Cratylus. Representing by likeness (ὁμοιώματι) the thing represented is absolutely and entirely superior to representation by chance signs. (Cratylus, 433D)
The great problem for the correspondence theory is how words and statements can possibly adequately correspond to (be like) things in the world.
Aristotle knew that our thoughts were in some sense the likenesses to things that Socrates was looking for, but can our thoughts be adequately expressed in words and statements?
Words spoken are symbols or signs of affections or impressions of the soul; written words are the signs of words spoken. As writing, so also is speech not the same for all races of men. But the mental affections themselves, of which these words are primarily signs, are the same for the whole of mankind, as are also the objects of which those affections are representations or likenesses (ὁμοιώματα), images, copies. (De Interpretatione, 16a)

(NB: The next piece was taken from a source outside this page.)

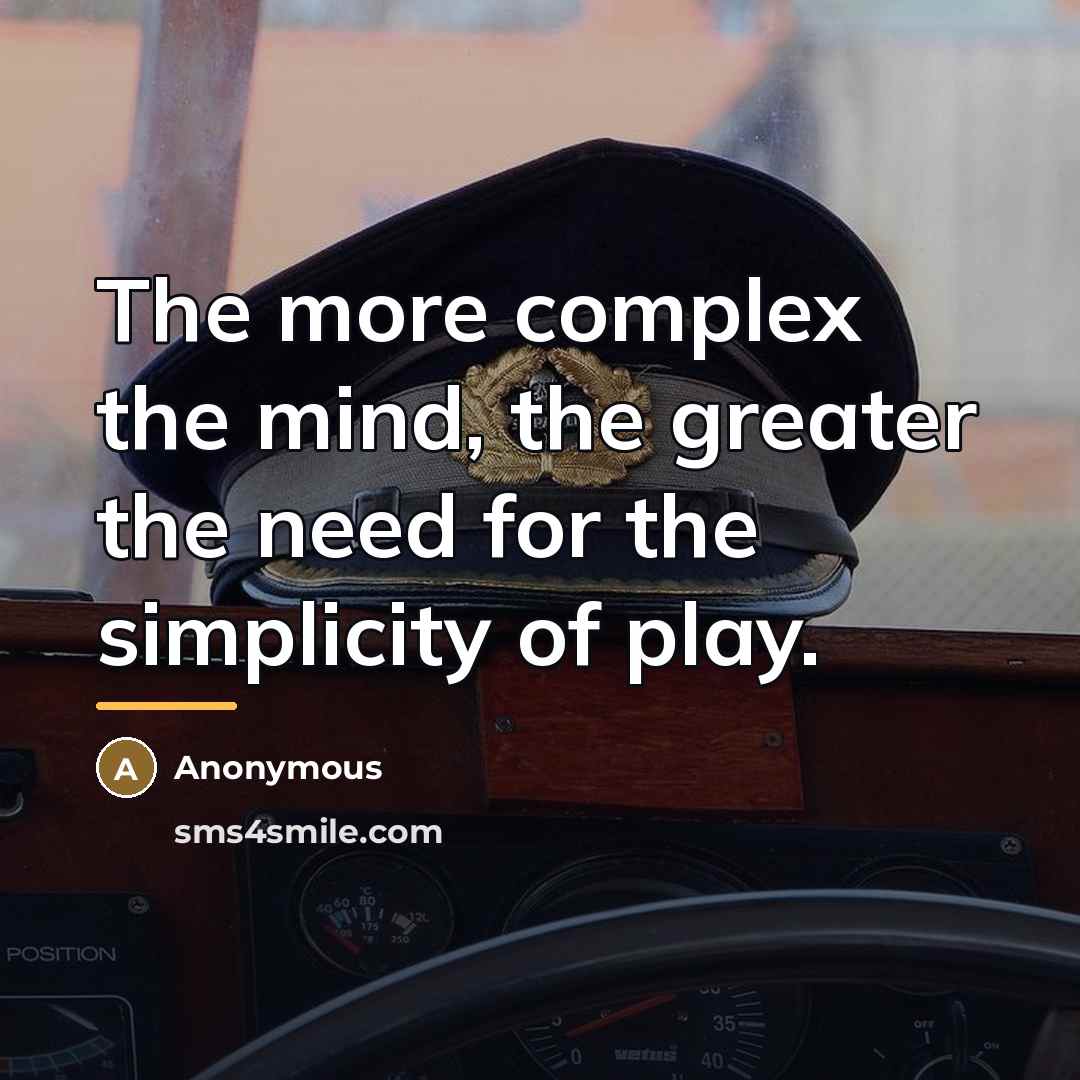 “The more complex the mind, the greater the need for…” quote by Anonymous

The basic idea was named correspondence by early analytic language philosophers, especially
Bertand Russell, the early
Wittgenstein, and their followers in the Vienna Circle, Rudolf Carnap and
Moritz Schlick, who had something like a picture theory of language. They hoped to find propositions (statements) that would be the "logical atoms" of
verifiable knowledge of the world.
Here is how Russell connects a
belief with the truth.
Thus a belief is true when it corresponds to a certain associated complex, and false when it does not. Assuming, for the sake of definiteness, that the objects of the belief are two terms and a relation, the terms being put in a certain order by the 'sense' of the believing, then if the two terms in that order are united by the relation into a complex, the belief is true; if not, it is false. This constitutes the definition of truth and falsehood that we were in search of. Judging or believing is a certain complex unity of which a mind is a constituent; if the remaining constituents, taken in the order which they have in the belief, form a complex unity, then the belief is true; if not, it is false.
Thus although truth and falsehood are properties of beliefs, yet they are in a sense extrinsic properties, for the condition of the truth of a belief is something not involving beliefs, or (in general) any mind at all, but only the objects of the belief. A mind, which believes, believes truly when there is a corresponding complex not involving the mind, but only its objects. This correspondence ensures truth, and its absence entails falsehood. Hence we account simultaneously for the two facts that beliefs (a) depend on minds for their existence, (b) do not depend on minds for their truth.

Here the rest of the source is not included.